50-nm-resolution full-field X-ray microscope without chromatic aberration using total-reflection imaging mirrors

• Published in: Scientific reports Vol. 7; no. 1; p. 46358
• Main Authors: Matsuyama, Satoshi, Yasuda, Shuhei, Yamada, Jumpei, Okada, Hiromi, Kohmura, Yoshiki, Yabashi, Makina, Ishikawa, Tetsuya, Yamauchi, Kazuto
• Format: Journal Article
• Language: English
• Published: England Nature Publishing Group 13.04.2017
• Subjects: Optics; Spatial discrimination; Tungsten; Ultrastructure; X-rays
• ISSN: 2045-2322; 2045-2322
• DOI: 10.1038/srep46358

X-ray spectromicroscopy with a full-field imaging technique is a powerful method for chemical analysis of heterogeneous complex materials with a nano-scale spatial resolution. For imaging optics, an X-ray reflective optical system has excellent capabilities with highly efficient, achromatic, and long-working-distance properties. An advanced Kirkpatrick-Baez geometry that combines four independent mirrors with elliptic and hyperbolic shapes in both horizontal and vertical directions was developed for this purpose, although the complexity of the system has a limited applicable range. Here, we present an optical system consisting of two monolithic imaging mirrors. Elliptic and hyperbolic shapes were formed on a single substrate to achieve both high resolution and sufficient stability.
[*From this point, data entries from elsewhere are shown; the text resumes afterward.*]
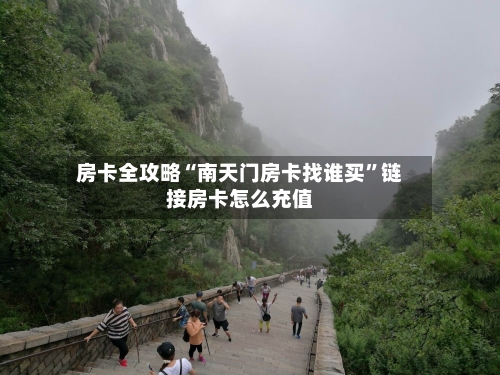 房卡全攻略“南天门房卡找谁买”链接房卡怎么充值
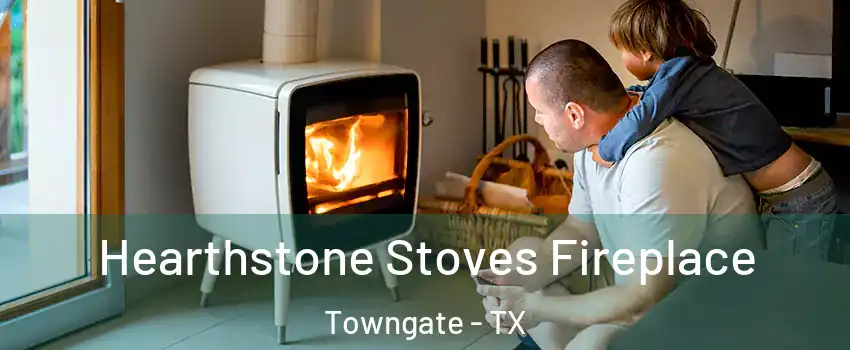 Hearthstone Stoves Fireplace Towngate - TX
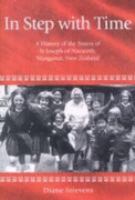 In step with time : a history of the Sisters of St. Joseph of Nazareth, Wanganui, New Zealand /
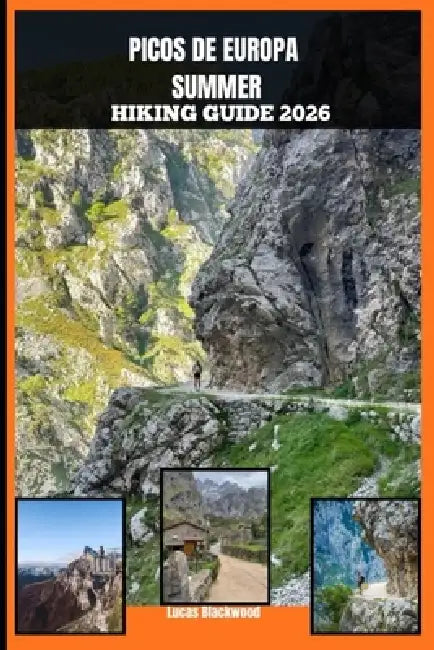 Picos de Europa Summer Hiking Guide 2026 by Lucas Blackwood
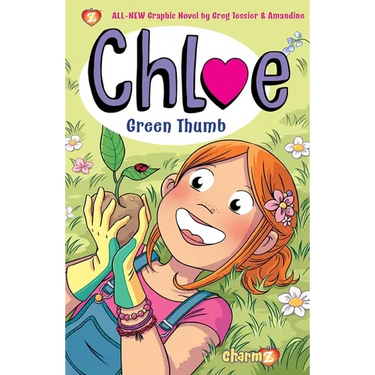 Chloe Vol. 6: Green Thumb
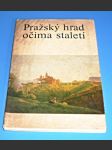 Pražský hrad očima staletí - Katalog výstavy, Praha, květen-září 1979 - náhled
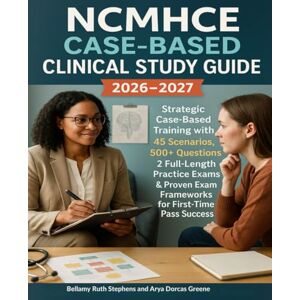 Stephens, Bellamy Ruth NCMHCE Case-Based Clinical Study Guide 2026-2027: Strategic Case-Based Training with 45 Scenarios, 500+ Questions, 2 Full-Length Practice Exams & Proven Exam Frameworks for First-Time Pass Success Stephens, Bellamy Ruth NCMHCE Case-Based Clinical Study Guide 2026-2027: Strategic Case-Based Training with 45 Scenarios, 500+ Questions, 2 Full-Length Practice Exams & Proven Exam Frameworks for First-Time Pass Success
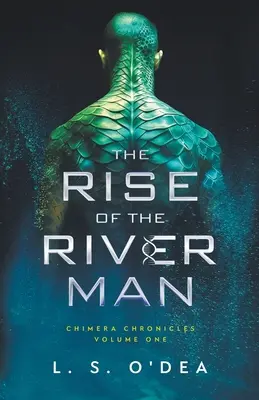 A folyami ember felemelkedése - Rise of the River Man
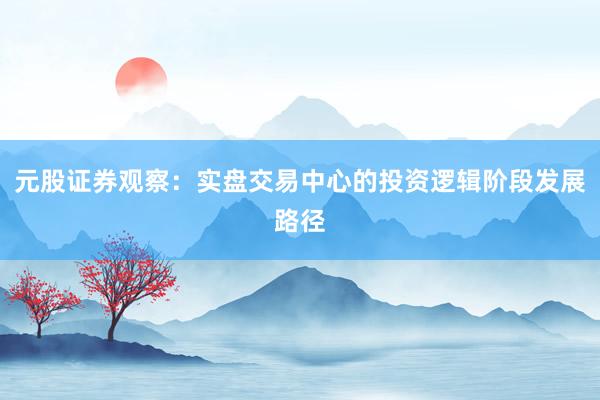 元股证券观察：实盘交易中心的投资逻辑阶段发展路径
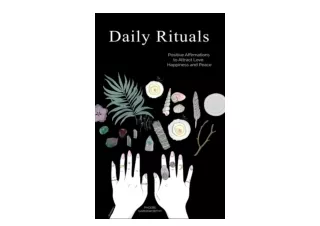 Download Daily Rituals Positive Affirmations to Attract Love Happiness and Peace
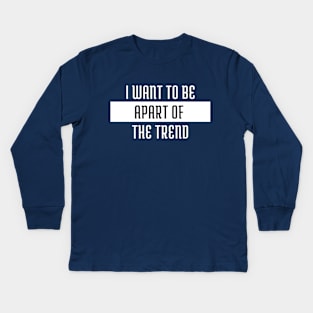 I want to be apart of the trend Kids Long Sleeve T-Shirt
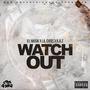 Watch Out (feat. Lil Chris & K.A.Z) [Explicit]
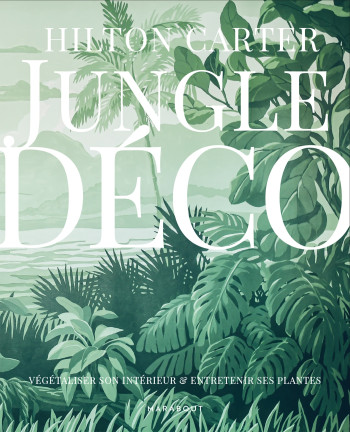 JUNGLE DÉCO - CARTER HILTON - MARABOUT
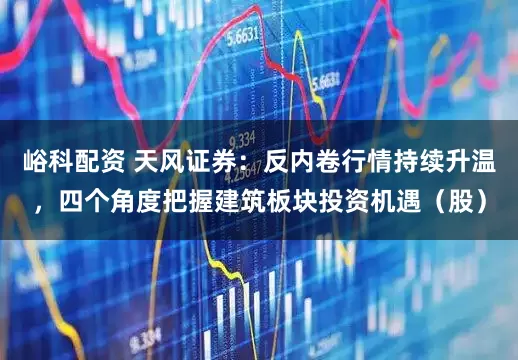 峪科配资 天风证券：反内卷行情持续升温，四个角度把握建筑板块投资机遇（股）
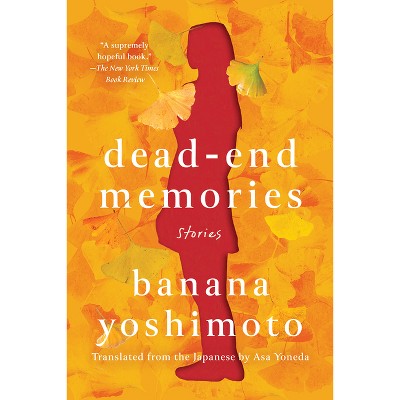 Dead-End Memories - by Banana Yoshimoto
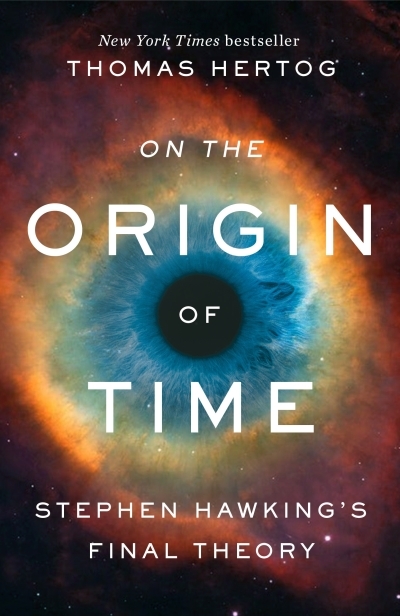 On the Origin of Time : Stephen Hawking's Final Theory | Hertog, Thomas (Auteur)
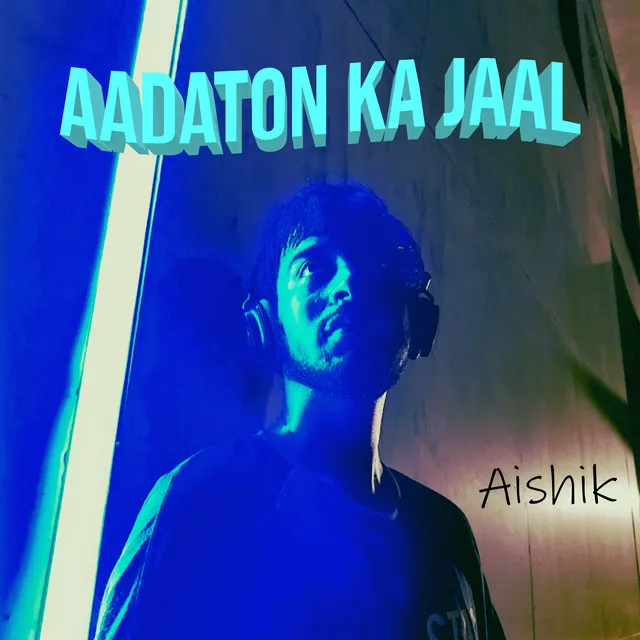 Aadaton Ka Jaal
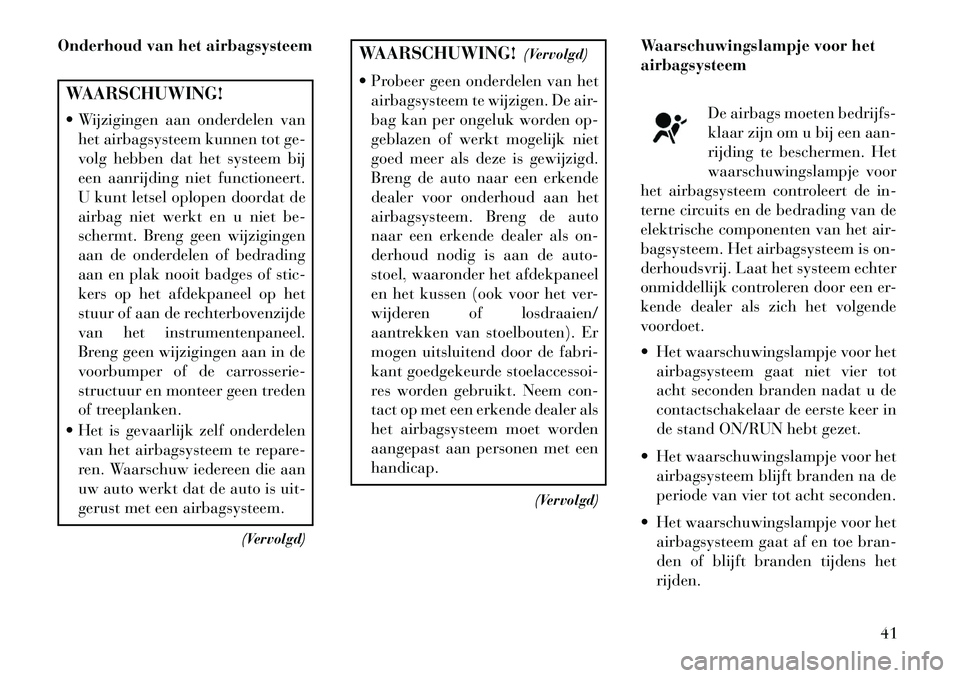 Lancia Flavia 2013 Instructieboek (in Dutch) Onderhoud van het airbagsysteemWAARSCHUWING!
Wijzigingen aan onderdelen vanhet airbagsysteem kunnen tot ge-
volg hebben dat het systeem bij
een aanrijding niet functioneert.
U kunt letsel oplopen do Lancia Flavia 2013 Instructieboek (in Dutch) Onderhoud van het airbagsysteemWAARSCHUWING!
Wijzigingen aan onderdelen vanhet airbagsysteem kunnen tot ge-
volg hebben dat het systeem bij
een aanrijding niet functioneert.
U kunt letsel oplopen do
The mirrors were finished with a ~1-nm shape accuracy using elastic emission machining. The performance was tested at SPring-8 with a photon energy of approximately 10 keV. We could clearly resolve 50-nm features in a Siemens star without chromatic aberration and with high stability over 20 h. We applied this system to X-ray absorption fine structure spectromicroscopy and identified elements and chemical states in specimens of zinc and tungsten micron-size particles.